The observed edge set $E$ is viewed as being generated by the above model in the following way: for every possible edge (dependent on if the graph is directed, simple or loop-less) involving nodes $u,v$, flip an unfair coin with head probability $M(z(u),z(v))$; if the coin turns out head, then draw a directed link between $u,v$. The generation of each link is independent. Then the likelihood function is

$$\cal L( E \mid \bf M,z) = \prod_{(u,v) \in E} {\bf M}({\bf z}(u),{\bf z}(v)) \prod \limits_{(u,v) \notin E} \left( 1 - {\bf M}({\bf z}(u),{\bf z}(v)) \right)$$

Then our task is to find

$$({\bf M},{\bf z}) = \operatorname{argmax} \text{x}_{{\bf M},{\bf z}} \cal L(E \mid {\bf M},{\bf z})$$

Now here comes the problem. Let $E_{i,j}$ be the set of edges connecting a node in group $i$ and a node in group $j$. Let $n_{i,j}$ be the number of maximum possible edges between group $i$ and group $j$. Note that $n_{ij}$ varies with different graph definitions (if the graph is directed, simple, loopless, etc.). Since the generation of each link is independent, then the generation of links between group $i$ and group $j$ are $n_{ij}$-time i.i.d. Bernoulli trials, thus if $\bf z$ is given, ${\bf {M}}(i,j)$ can be estimated by ${\bf {\hat M}}(i,j)=\dfrac{|E_{i,j}|}{n_{i,j}}$, which is itself an MLE estimation, i.e. $$\left(\frac{|E_{i,j}|}{n_{i,j}}\right)_{i,j}={\bf\hat M}= \operatorname{argmax}_{\bf M} \cal L\left( E,{\bf z} \mid {\bf M} \right)$$

Then the textbook directly plugs ${\bf {\hat M}}(i,j)$ back in the original likelihood function, leading to a simplified likelihood

$$\cal L( E \mid {\bf M},{\bf z}) = \prod\limits_{i,j} {\bf M}^{|E_{i,j}|} (i,j)(1 - {\bf M}(i,j))^{n_{i,j} - |E_{i,j}|} = \prod\limits_{i,j} \left(\frac{|E_{i,j}|}{n_{i,j}}\right)^{|E_{i,j}|} \left( 1 - \frac{|E_{i,j}|}{n_{i,j}} \right)^{n_{i,j} - |E_{i,j}|} $$

which is a function only dependent on $\bf{z}$.
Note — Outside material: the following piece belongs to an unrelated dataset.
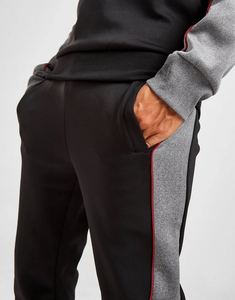 Chándales de manga larga para hombre, Sudadera con cuello redondo clásico, chándal personalizado de poliéster/93% de elastano, 7% - Product Image 3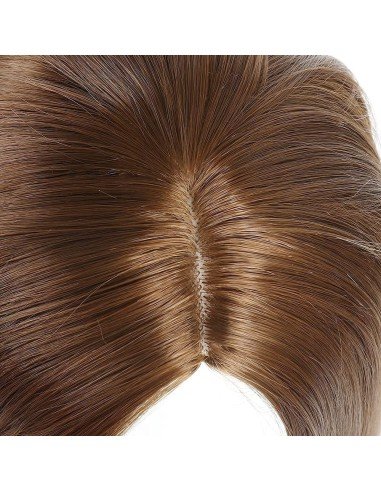 ⭐  Peluca Corta Kanekalon Corte Recto Apariencia Natural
I am puzzled about why $\bf{\hat M}$ can be directly plugged into the original likelihood? More specifically,

1. Is $\bf{\hat M}$ also the solution for $\bf{M}$ of the original likelihood maximization problem?

2. Does the solution of $\bf{z}$ stays the same after simplification of the likelihood? Why?

Answer 1

This holds no matter $M$ and $z$ are dependent or not.

Recall maximizing a two-dimensional function $f(x,y)$, what you are gonna do is to find $\frac{{\partial f}}{{\partial x}},\frac{{\partial f}}{{\partial y}}$ and solve $\left\{ \begin{gathered} \frac{{\partial f}}{{\partial x}} = 0, \hfill \\ \frac{{\partial f}}{{\partial y}} = 0. \hfill \\ \end{gathered} \right.$ Also, you can first solve $\frac{{\partial f}}{{\partial x}} = 0$ and get a function $x=h(y)$ and plug it back in $f(x,y)$ to find $y^*$ that maximizes $f(h(y),y)$, and then $x^*=h(y^*)$. It is the same thing as solving the equation group.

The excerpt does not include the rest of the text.